In conclusion, these studies show the synergy of ultrasensitive SPPM design and ORS method for molecular imaging of cancer, and in particular, non–small cell lung cancer. Phantom studies show detection limit at picomolar (10−12 mol/L) concentrations of SPPM nanoprobes, making them comparable in sensitivity with nuclear imaging probes. Results from the animal studies support our hypothesis that ORS method can significantly increase the contrast sensitivity and detection accuracy of SPPM particles in tumor tissues over the conventional T2*-w method.

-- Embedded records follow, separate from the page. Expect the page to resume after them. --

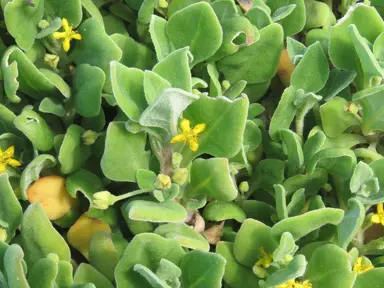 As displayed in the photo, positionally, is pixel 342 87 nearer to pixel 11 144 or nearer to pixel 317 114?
pixel 317 114

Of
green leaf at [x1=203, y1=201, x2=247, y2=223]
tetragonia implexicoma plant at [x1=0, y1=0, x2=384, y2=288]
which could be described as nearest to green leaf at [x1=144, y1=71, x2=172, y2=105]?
tetragonia implexicoma plant at [x1=0, y1=0, x2=384, y2=288]

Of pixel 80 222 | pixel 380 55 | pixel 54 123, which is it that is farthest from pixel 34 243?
pixel 380 55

After i.v. injection, αvβ3-targeted SPPM nanoprobes show significantly increased ORS imaging contrast in A549 tumors over the nontargeted SPPM. Pharmacokinetic studies showed prolonged blood circulation times of SPPM nanoparticles and verified the αvβ3-dependent targeting specificity by the cRGD-encoded SPPM. The combination of ORS imaging with cancer-targeted SPPM nanoparticles offers new opportunities in detecting biochemical markers at early stages of tumor development.